GDPR: the ICO attempts to clarify obligation to report serious data breaches

Faced with misleading press stories, the ICO has been addressing misconceptions about the GDPR by publishing myth busting blogs, including on the new requirement to report serious breaches of personal data.

Not all personal data breaches will need to be reported to the ICO, only if a risk to people’s rights and freedoms is likely.  The ICO does not give strict instructions of what incidents are serious enough to report but reiterates it is when people may suffer a significant detriment such as damage to reputation or financial loss. The ICO has encouraged all organisations to look at the types of incidents they could face to develop a sense of what would be serious.

Although the requirement to report a serious breach is without undue delay and where feasible within 72 hours, they don’t expect a full final report with all details within this time. The ICO have said that fines will be proportionate and will not be issued for every failure (although only time will tell what this will mean in practice).

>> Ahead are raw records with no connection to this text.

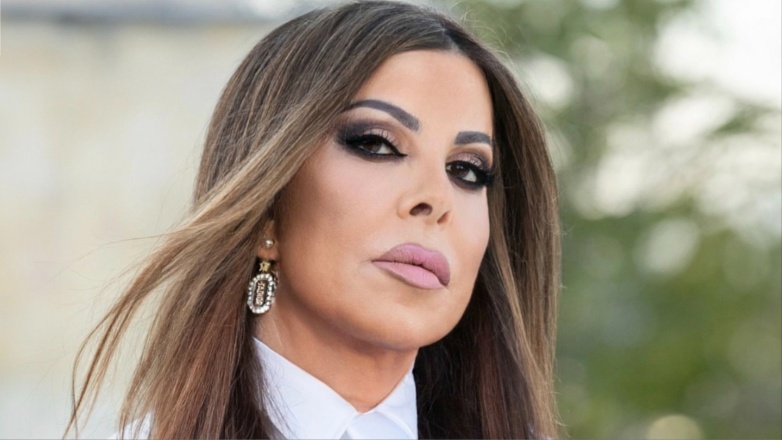 Άντζελα Δημητρίου: Ποζάρει με ολόσωμο μαγιό στα 70 της και εντυπωσιάζει με την καλλίγραμμη σιλουέτα της – Φωτογραφίες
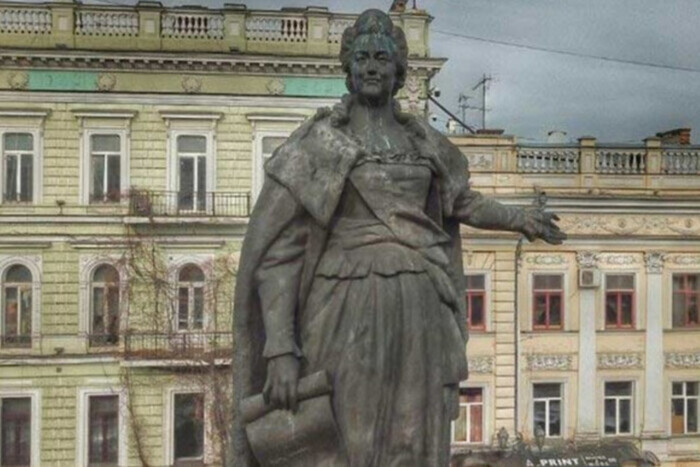 Скандал вокруг памятника Екатерине II: открылись новые детали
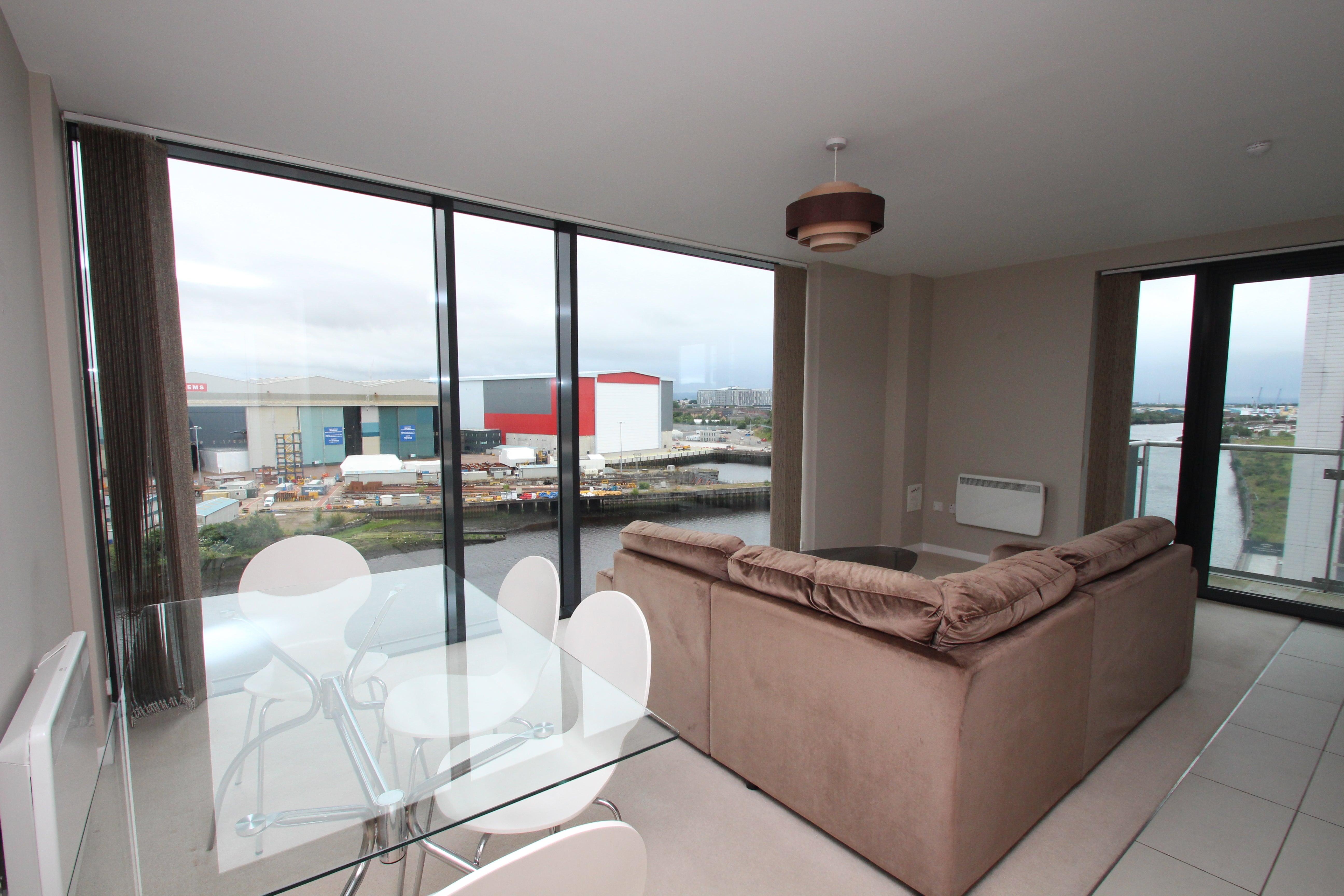 Flat Meadowside Quay Walk in Glasgow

They remind firms that the point of the GDPR is not to punish organisations but to encourage companies to improve their ability to prevent breaches.

Under the current data protection law, reporting is best practice anyway even if not mandatory. Involving the ICO early can ensure the firm receives the best guidance and mitigate any fines issued.

Organisations are encouraged to start planning now to ensure roles and processes are in place for when GDPR comes into effect in May 2018.